Terminamos de celebrar el bicentenario del museo del Prado el domingo. Y lo celebramos derramando virtualmente sus pinturas sobre la fachada del edificio. La luna llena nos observó con aprobación mientras un desglose de obras maestras iban cayendo al son de la orquesta. Música y plástica, como en las Frivolinas del Doré, se conjugaron para hacer síntesis de cine y pintura, respectivamente. Buena idea de espectáculo que ya habíamos visto aquí en diferentes ocasiones: puerta de Alcalá vestida de Brandeburgo en conmemoración de la Caída del Muro o Congreso de los Diputados en aniversario de la Constitución.

El Prado ha estado abierto gratis desde el pasado viernes al domingo. Saturación de gente para ver uno de los mayores atractivos de Madrid, no sé si el primero, porque el Santiago Bernabéu -otro arte moderno- va subiendo enteros. Para mí el Prado, como todos los museos, es inabarcable y se me hace inasumible. El exceso de belleza, conocimiento y riqueza siempre me provoca desazón. Cuesta mucho, por lo menos a mí, comprender lo que es un museo, darse cuenta que pasear de galería en galería en sucesión de obras provoca un estado de ánimo que gira entre la catarsis y el hastío. La primera vez que me pasó tal contraste fue en Florencia, la cuna de lo sublime entre palacios y periferias. Como en un cuento de príncipe destronado llegué a un punto de no aguantar tanta grandeza, sentimiento muy confuso que llevaría explicarlo, si supiera su solución, mucho tiempo. Ese punto de saturación entre la felicidad y un cierto desencanto al no poder seguir apreciándolo. 

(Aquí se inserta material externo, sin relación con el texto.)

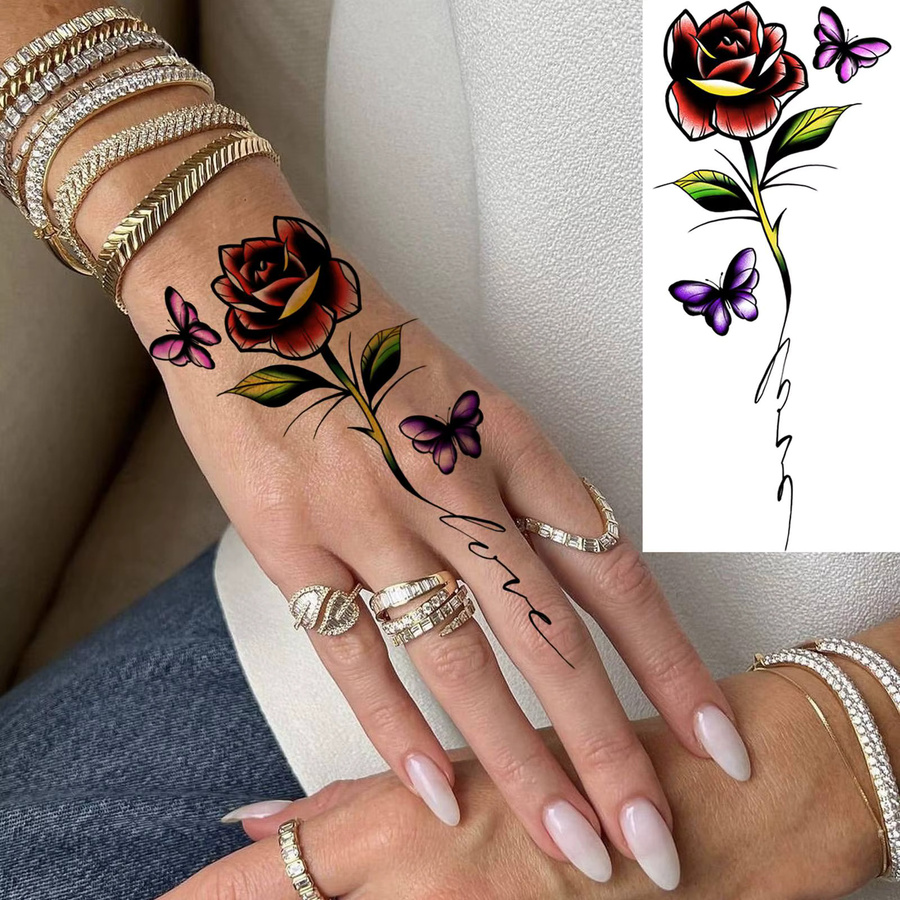 BAOFUL Temporäre Aquarell-Tattoos mit Schmetterlingen, Blumen und Vögeln, Damen - Bild 4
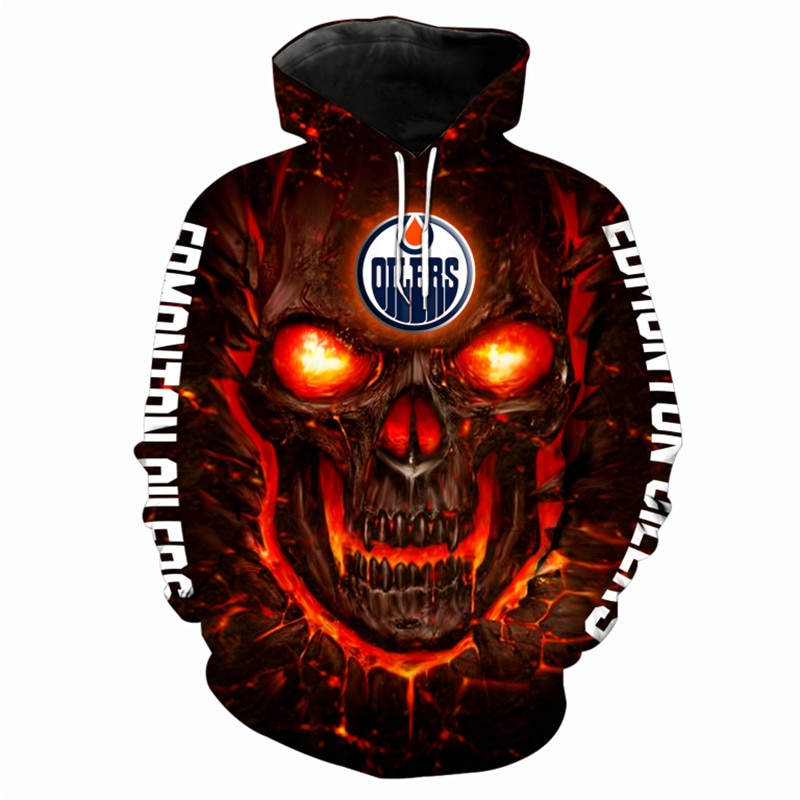 Halloween Edmonton Oilers All Over Print 3D Skulls Hoodie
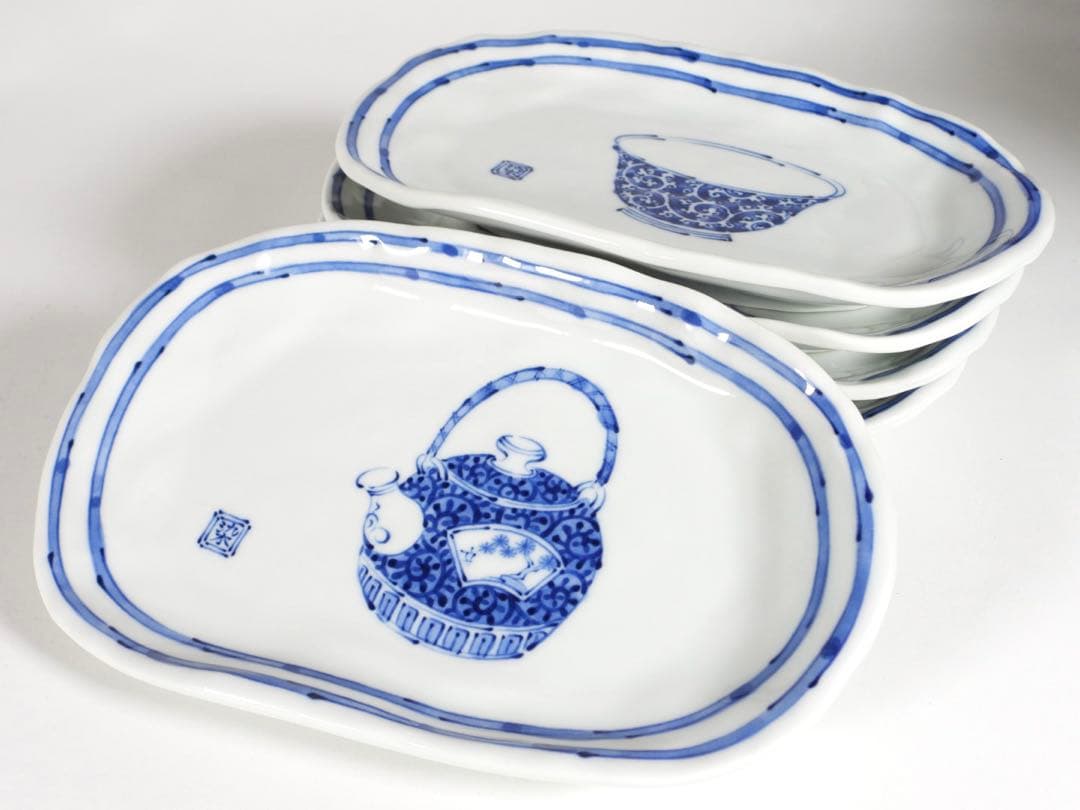 有田焼　美染窯　時代絵　焼物皿揃　5枚セット　絵変わり　変形楕円皿　染付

Porque ¿cuánta verdad puede caber en el corazón y cabeza de un hombre? Quizá esa sea la clave, el reconocer los límites del encaje de la verdad en el espíritu. Es una cuestión de entrenamiento, claro, como todo, me consuelo. He visto el Prado muchas veces y cada vez aguanto más, cierto, pero he aprendido a ver el museo con control. Así como las sobredosis, sean de conocimiento o heroína, acaban matando, es necesario dosificarse. Comprendí, por ejemplo, que ver un museo andando es… no verlo. Cierto que, en el mejor de los casos, se saborea el ambiente, se vive el instante, quizá, pero los mayores secretos del museo quedan ocultos. Así el Metropolitan te da una impresión de paseo por toda la Historia o la Galería Doria Pamphilj, el sucumbir a un «poder Inocencio», el Guggenheim reconocer una mentira bien vendida, o los Cloisters de NY de un compraventa del medievo. Por poner algo, digo, la idea en general es la «impresión», pero no la obra. 

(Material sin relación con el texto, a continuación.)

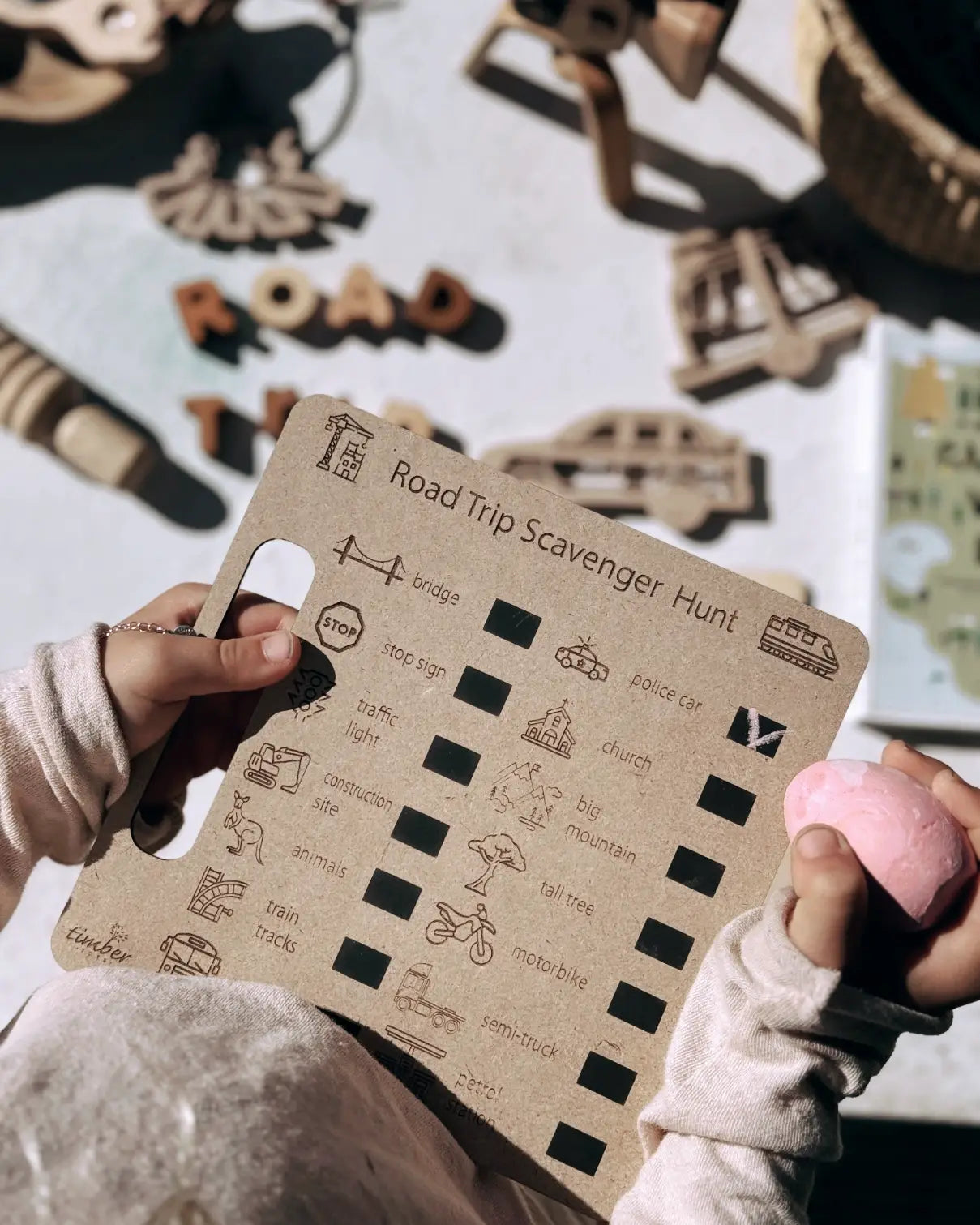 Road Trip Scavenger Hunt Board - Timber Tots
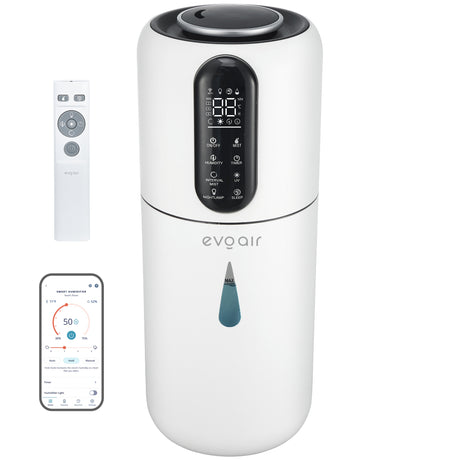 Umidificator Evoair STEAMIX3800 Smart, Wifi, Rezervor 3.8L, Capacitate de umidificare 300ml/h, Senzor umiditate, Mod Auto, Autonomie 13 ore, Lampă UVA, Aromaterapie, Indicator umiditate și temperatură, Telecomandă, Alb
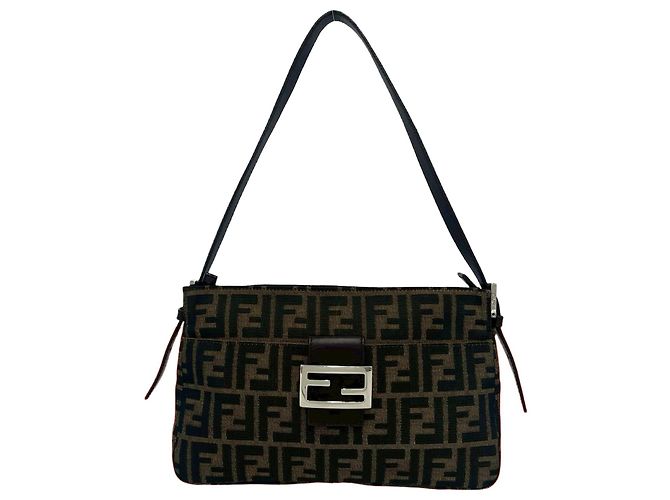 Bolsa de ombro em couro e lona Zucca Fendi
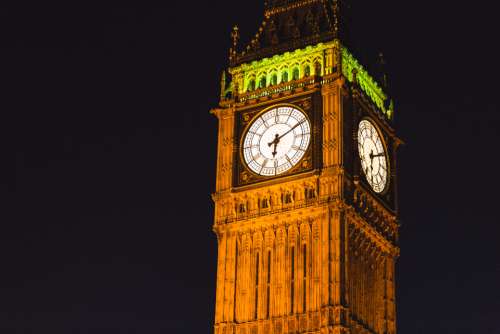 big ben london night tower england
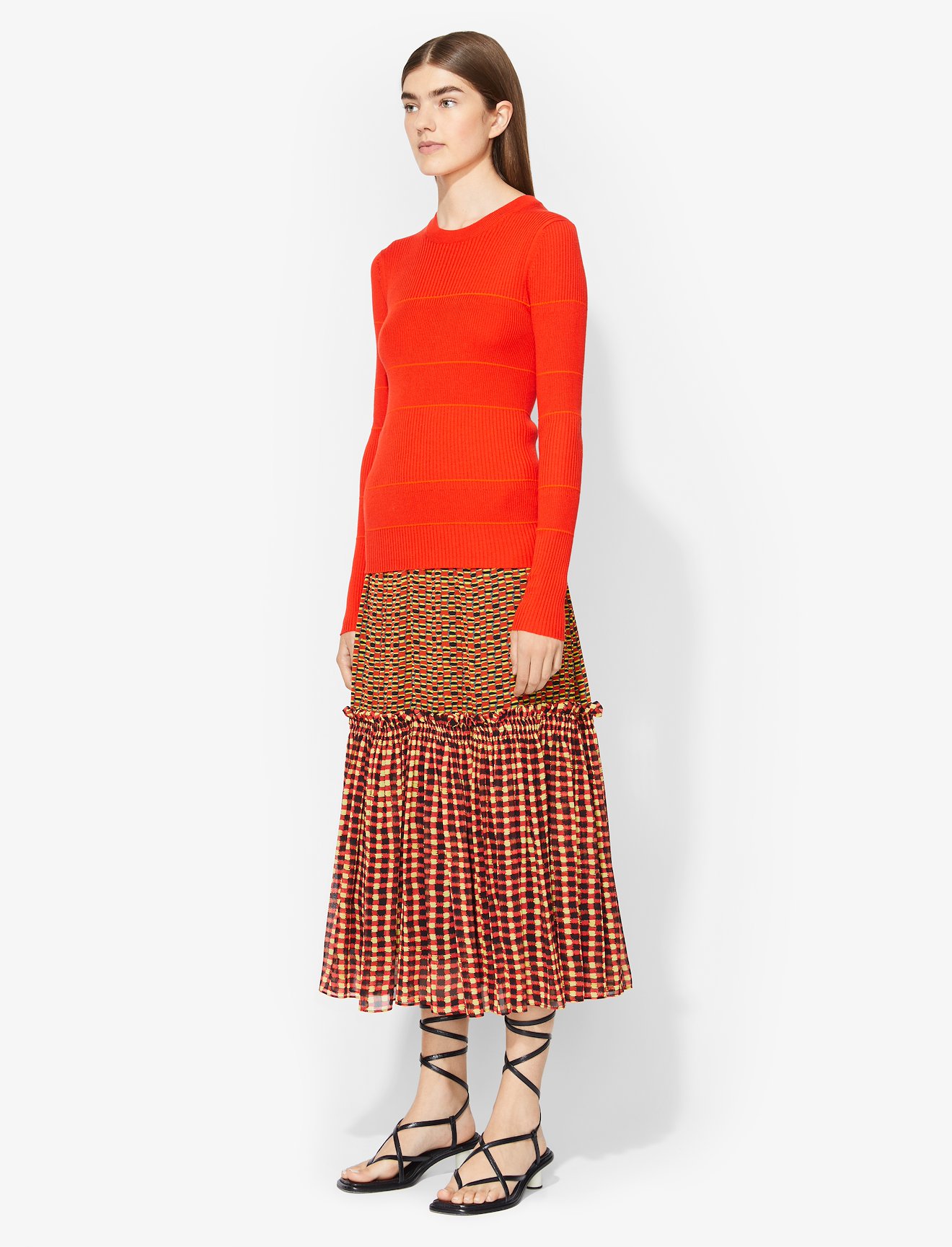 Crepe Chiffon Tiered Skirt #1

Entender el Prado o cualquier museo es un reto sublime y desde las ilusionantes caminatas iniciales, pasé a la elección de salas hasta el momento perfecto de ir a ver… un sólo cuadro. Y ahí fue el momento de revelación, el éxtasis de ir a visitar todo un museo para ver una sola obra. ¡Como me hubiera encantado ser vigilante del Prado! hubiera sido feliz de estar una jornada entera cada día dedicado a una sala entera gozando, a la vez, de ese doble espectáculo que ofrece obra y público. Dualidad que se hace sublime en las ferias internacionales de compraventa de arte. ¡Cómo olvidar las inauguraciones desde el Petit Palais de París hasta Maastricht pasando por Feriarte donde audiencia y caracteres de obra se confunden en esa posibilidad de ficción artística!

Me ha salido una reflexión un tanto contemplativa, pero es que yo veo la vida así: para entender algo el tiempo, silencio y pausa es mi única vía, el peregrinaje de la atención consciente. Lo demás es turismo y olvido.